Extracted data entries
═══

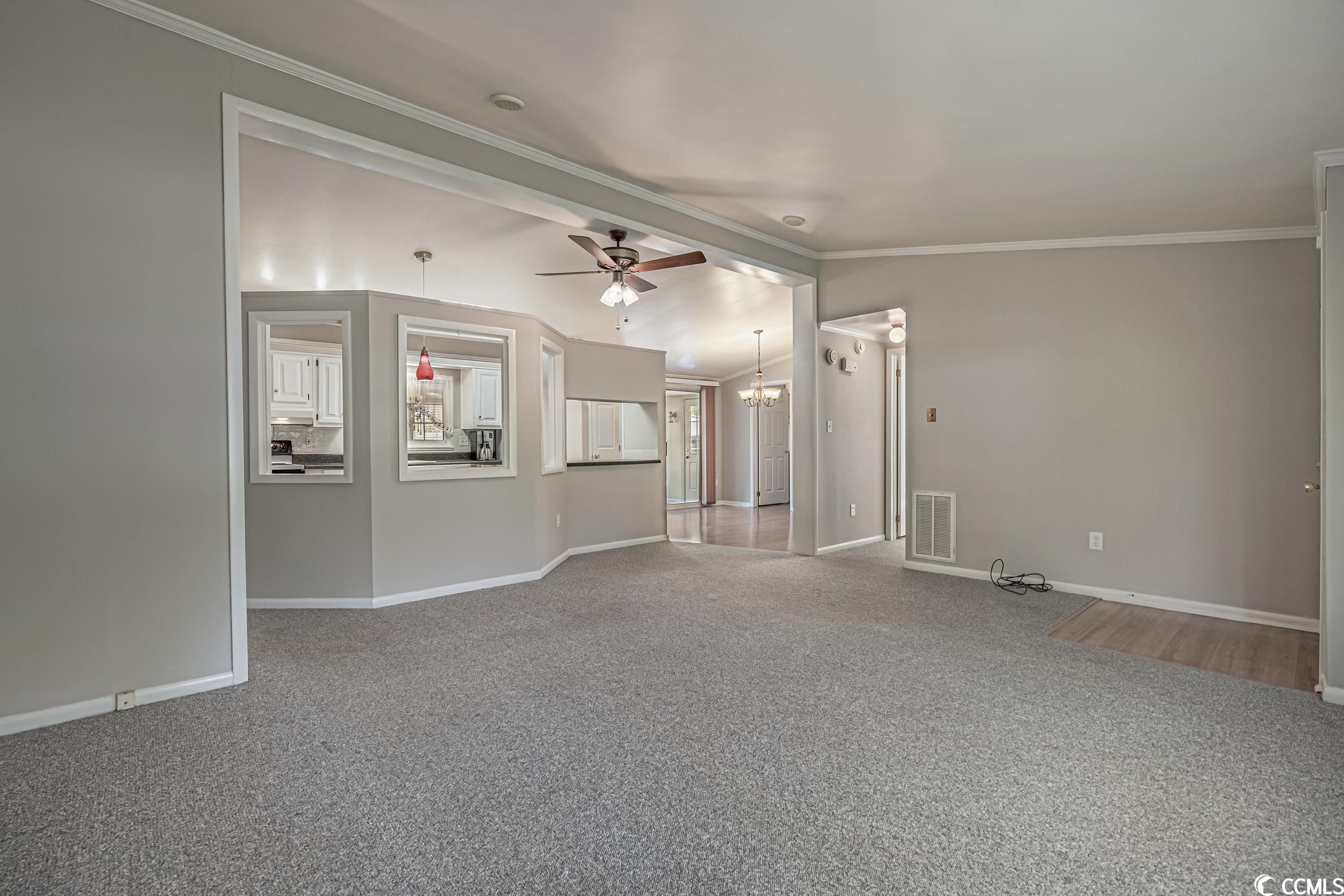 884 Grand Strand Trail Murrells Inlet, SC 29576 - Photo 13 of 40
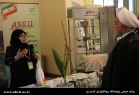 در حاشیه مراسم معرفی نمونه های کشاورزی
رییس جمهور از تازه ترین دستاوردهای پژوهشگاه بیوتکنولوژی کشاورزی بازدید کرد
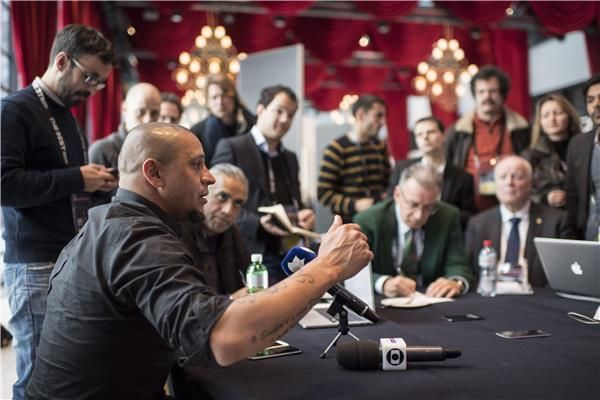 روبرتو كارلوس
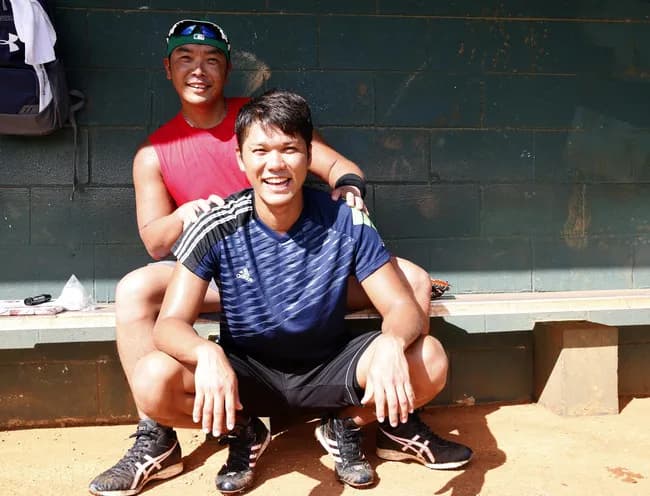 巨人の阿部慎之助と坂本勇人ってどっちのほうが選手として格上なの？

═══

#### [WHAT YOU HAVE TO DO]
Please keep the pictures out and reproduce the records above exactly.

#### [EXERCISE OUTPUT]
 884 Grand Strand Trail Murrells Inlet, SC 29576 - Photo 13 of 40
 در حاشیه مراسم معرفی نمونه های کشاورزی
رییس جمهور از تازه ترین دستاوردهای پژوهشگاه بیوتکنولوژی کشاورزی بازدید کرد
 روبرتو كارلوس
 巨人の阿部慎之助と坂本勇人ってどっちのほうが選手として格上なの？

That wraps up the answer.